HOW TO COMPLETE THIS TASK:
Print the lines of the entries below from the one with "Miles de docentes" through the final line, exactly as they appear. The pictures are not part of the copy.

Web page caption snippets
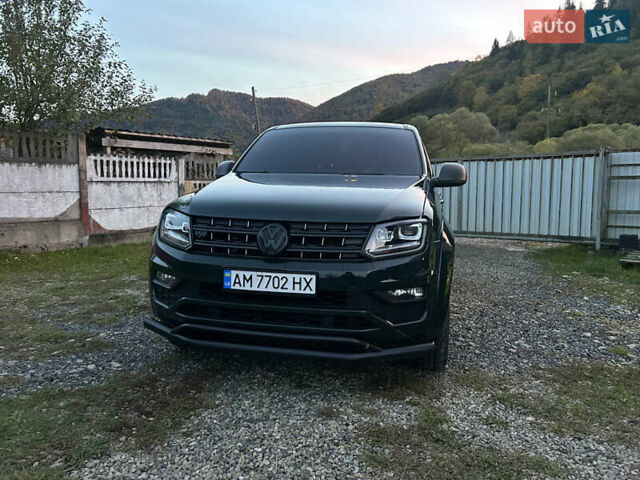 Зеленый Фольксваген Амарок, объемом двигателя 3 л и пробегом 173 тыс. км за 35500 $, фото 2 на Automoto.ua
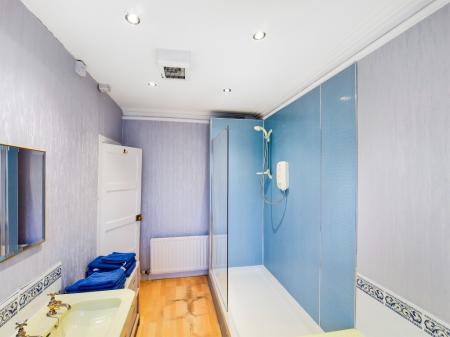 3 bedroom Duplex to let in Lynedoch Place, West End, Edinburgh, EH3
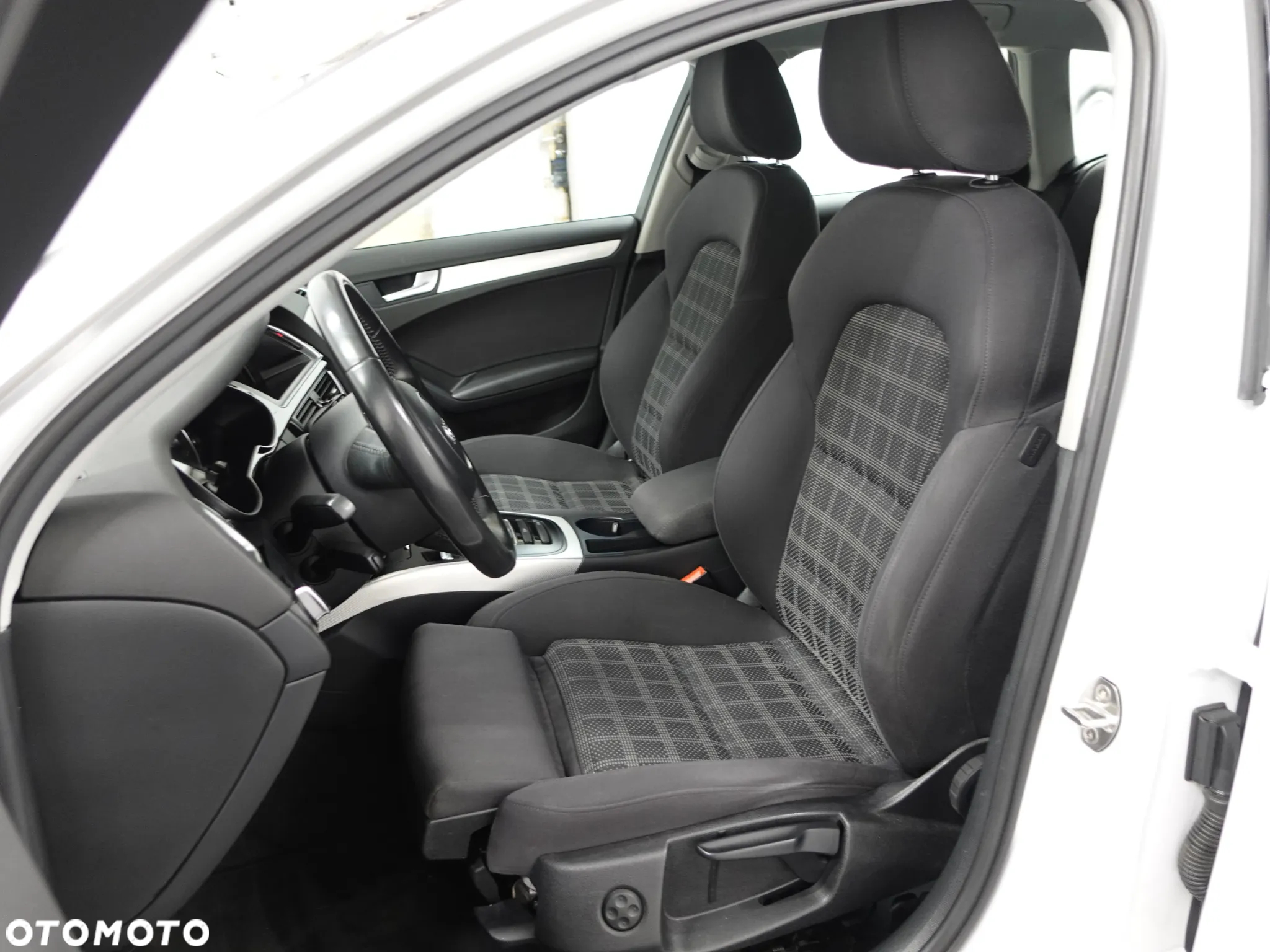 Audi A4 Avant 2.0 TDI DPF clean diesel quattro S line Sportpaket - 24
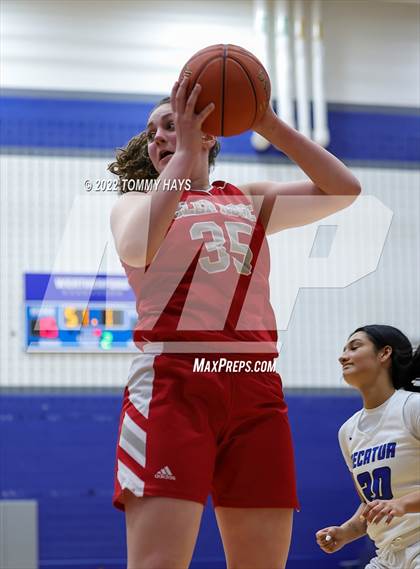 Thumbnail 2 in Glen Rose vs. Decatur (UIL Basketball 4A Area Playoff) photogallery.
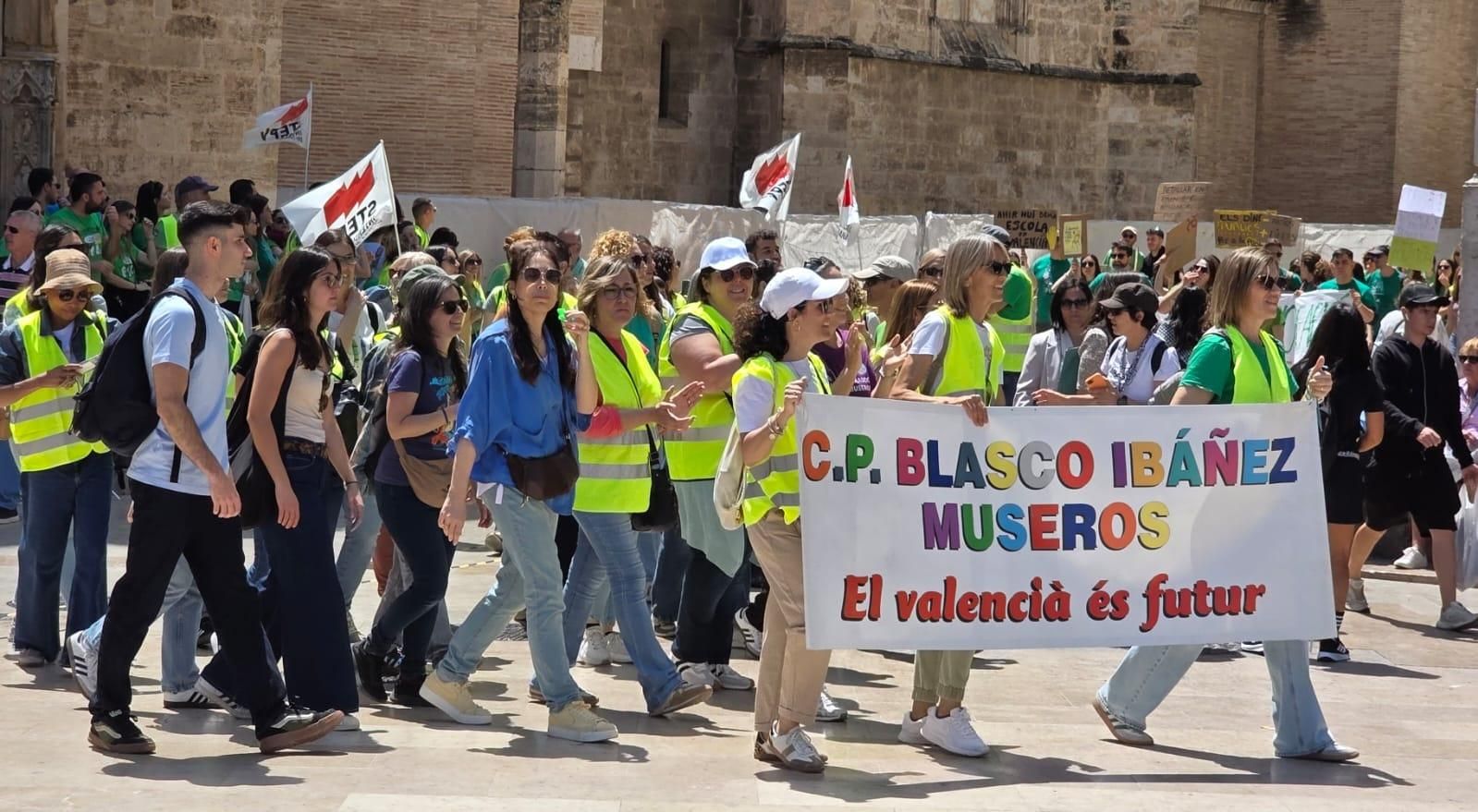 Miles de docentes se manifiestan en València en el primer día de huelga indefinida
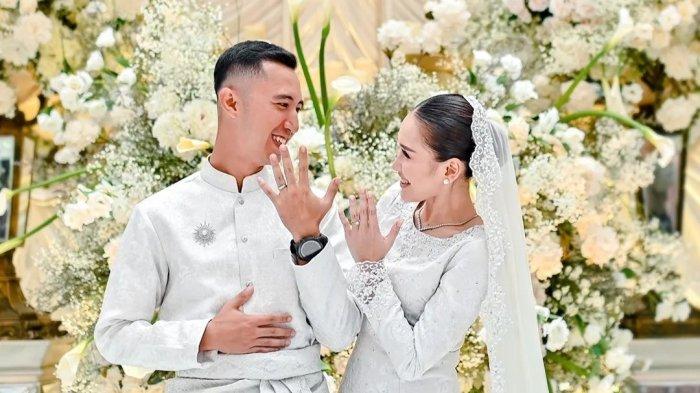 Ayu Ting Ting Resmi Dilamar Muhammad Fardhana TNI Lettu Yonif 509 Jember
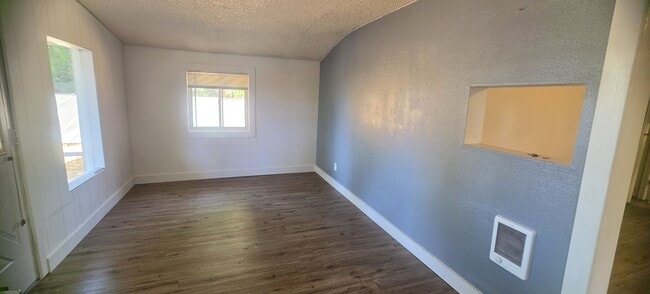 2620 G St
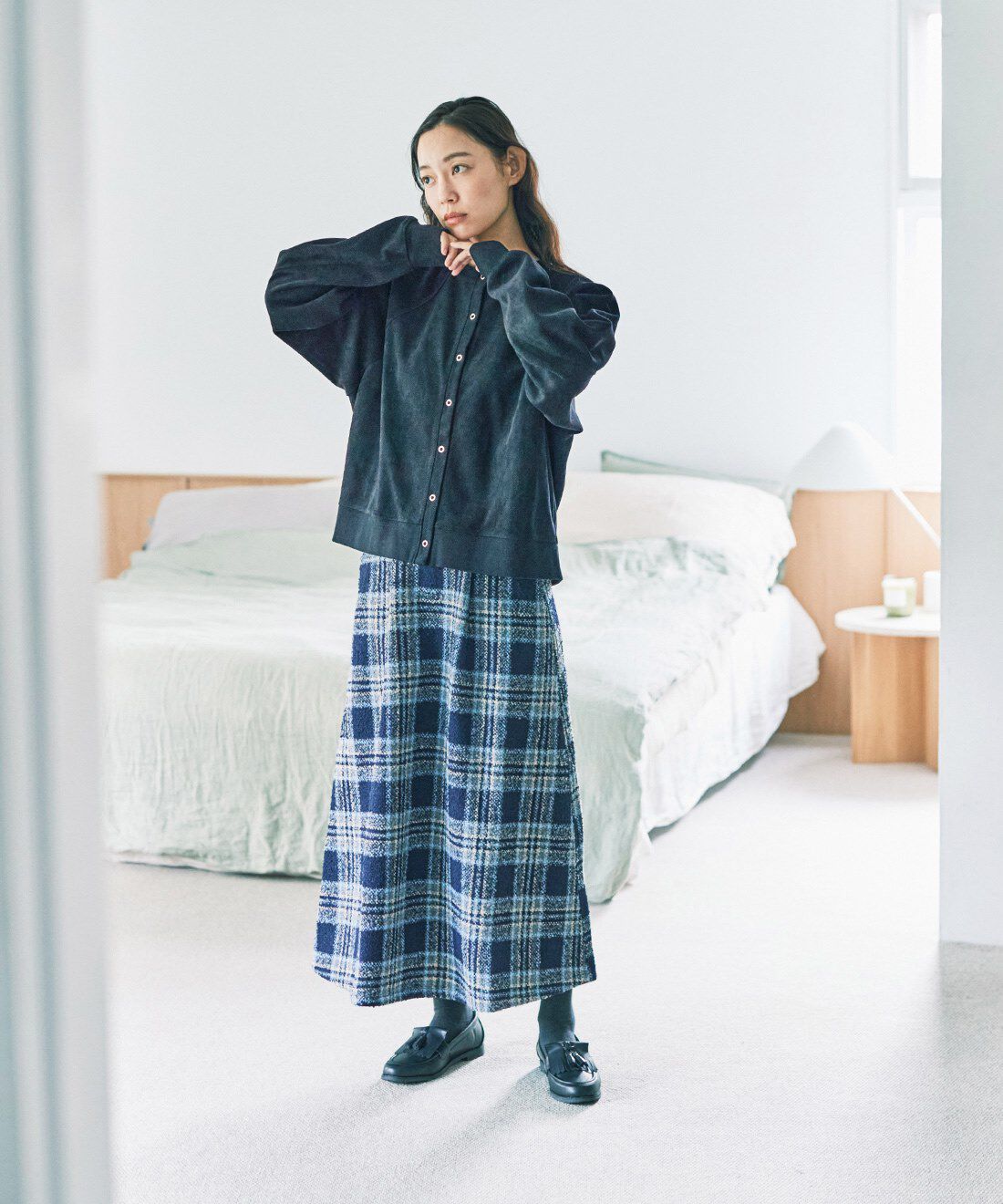 and myera［アンドマイラ］|カットソー スナップボタン カーディガン ブラックのコーディネート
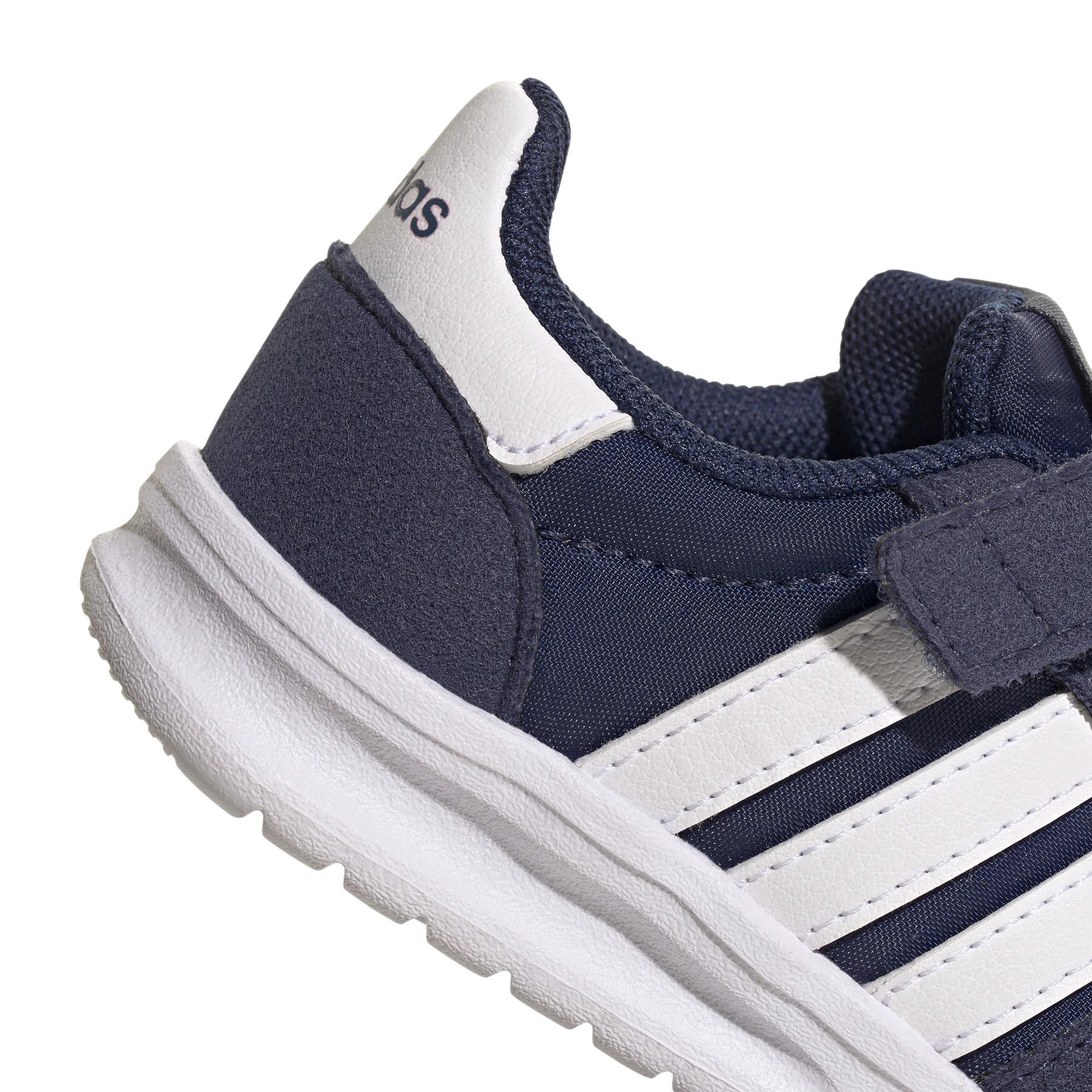 product/a/d/adidas_ji2268_9_footwear_photography_detail_view_2_white.jpg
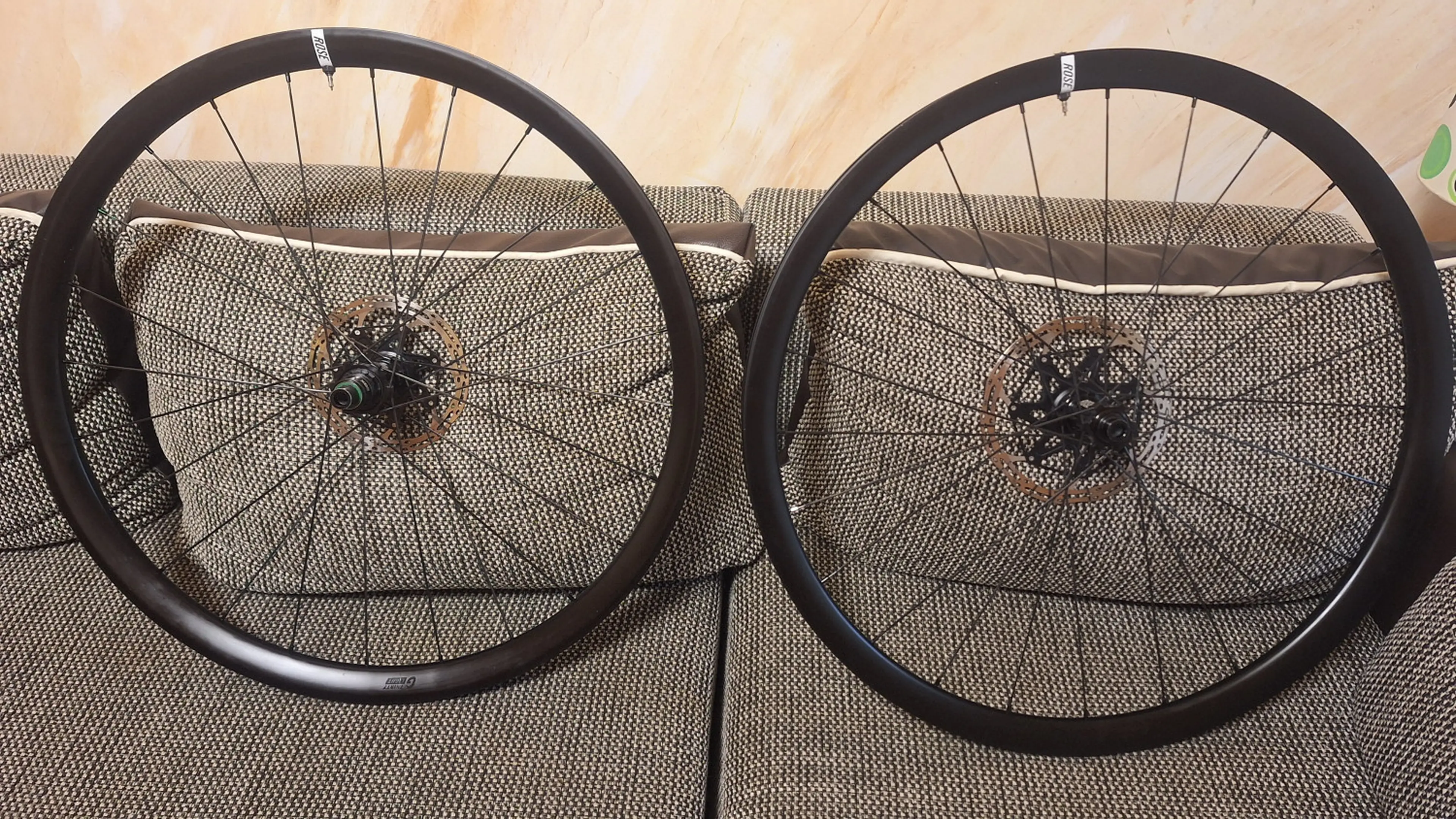 7. Roti gravel, cursiera, cyclocross Rose G-Thirty Disc Light 622x25C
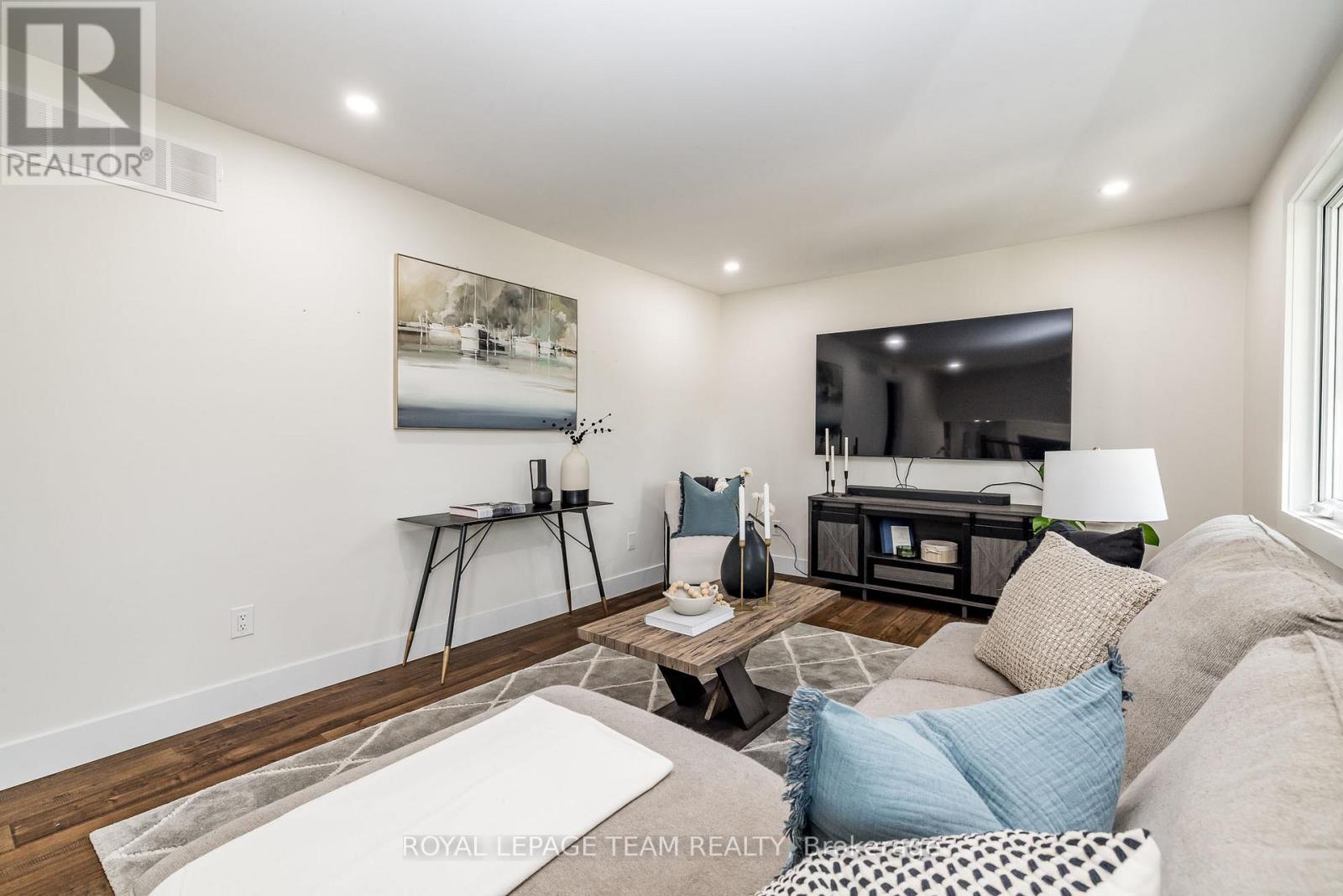 206 River View Lane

RESPONSE TO THIS TASK:
 Miles de docentes se manifiestan en València en el primer día de huelga indefinida
 Ayu Ting Ting Resmi Dilamar Muhammad Fardhana TNI Lettu Yonif 509 Jember
 2620 G St
 and myera［アンドマイラ］|カットソー スナップボタン カーディガン ブラックのコーディネート
 product/a/d/adidas_ji2268_9_footwear_photography_detail_view_2_white.jpg
 7. Roti gravel, cursiera, cyclocross Rose G-Thirty Disc Light 622x25C
 206 River View Lane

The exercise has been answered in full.